The present: The harridan who lacks sympathy |
The present: A young man is forced to make a choice |
The middle section from Kiarostami allows for gentle verbal
communication among strangers—some characters are polite even under trying
circumstances, others aggressive and repugnant.
As in the first segment, glances and visual appraisal of strangers are
important –but with a difference, they are longer than in the Olmi segment. But each visual and now increasingly verbal appraisal
is more detailed than in the previous segment. The movie has discretely begun
to change its narrative pace. The
segment encapsulates several vignettes:
a man insisting that a stranger is calling on his cell-phone without his
permission, two men who insist on being seated in their reserved seats occupied
by strangers, a young man conversing with a young girl from his own Italian
town who recalls having played with him years ago, and the harridan who making
the life of young male companion increasingly miserable. The future and the past alluded to in the
segment matter less than the present.
The future: Decisions that can make a difference |
The final Loach section is about the future as grappled by
three lower middle class football crazy Glasgow young men. One of the three
well-meaning youngsters seems to have lost his ticket (it is possibly stolen)

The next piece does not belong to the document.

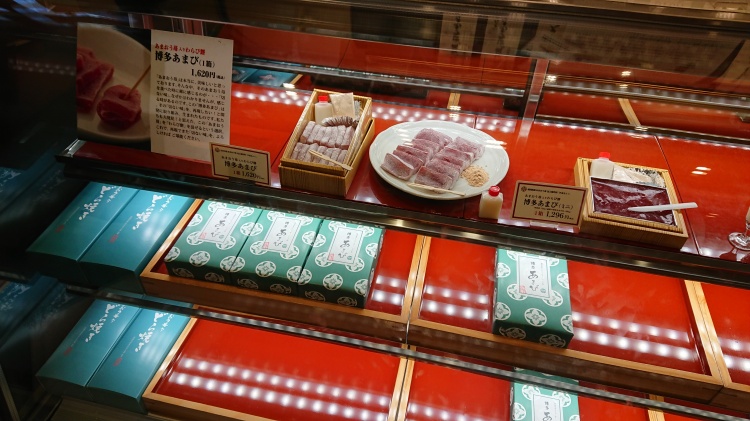 天神 デート 買い物 デート 三回目 誘い方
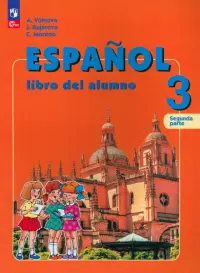 Испанский язык. 3 класс. Учебник. Углублённый уровень. В 2-х частях. Часть 2. ФГОС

and has to pay a heavy fine or face jail in Rome if doesn’t pay up. The jail
term in turn would affect their jobs they hold in Scotland. Another Albanian
immigrant family has possibly stolen the ticket but need it more desperately to
reach their destination as it affects their lives. This segment puts the future
of the two groups in perspective, with and without the tickets.
Tickets is
therefore interesting to appreciate as a well-structured movie made by three
directors with similar attitudes to immigration, wealth, and military/police. Olmi’s
brilliant Golden Palm winner The Tree of
Wooden Clogs (1978), which he wrote, directed, edited and even personally
photographed was also an endearing tale on immigrant farm labourers looking at
the differences between the rich and the poor in rural Italy a century ago. In Tickets, Olmi looks at the same subject
of immigrants from the point of view of the rich, prodding the rich to step out
of dreamy comforting images of the past into the present tribulations of the
poor. In Tickets, as Olmi advances in age, it is Olmi’s son
behind the camera.
The military and their lack of empathy towards poor Albanian immigrants |
Kiarostami’s segment in Tickets
recalls his first film The Bread and
Alley (1970) in which a child encounters a hungry dog while carrying fresh
bread in an alley. If one chooses to replace the obnoxious woman in Tickets with the dog in The Bread and Alley, there are several
parallels. The man behind the camera is another talented Iranian, Mahmoud
Kalari, who was the cinematographer for Kiarostami’s Shirin and Gabbeh and
the recent acclaimed Asghar Farhadi films The
Past and A Separation.
The Loach segment in Tickets
is considerably helped by the cinematography of Chris Menges and scriptwriter
Paul Laverty. Laverty’s collaboration with Loach has always raised Loach’s
cinema, just as scriptwriter Piesiewicz collaboration with Kieslowski raised
the quality of the latter’s later works. Viewers who have seen Loach’s movie The Angels’ Share (2012) will note several similarities in Tickets , including two actors common
to the two movies.
A philosopher would have given the film a title such as “The
Train Journey” but the film is instead called Tickets. Money and wealth-related power can be associated with the
purchase of Tickets.
Tickets is a
ticket to evolved entertainment for an attentive and perceptive viewer.
P.S. Olmi’s The Tree of Wooden Clogs and Loach’s The Angels’ Share have been reviewed on this blog earlier. The Tree of Wooden Clogs is one of the author's favorite top 10 movies of all time.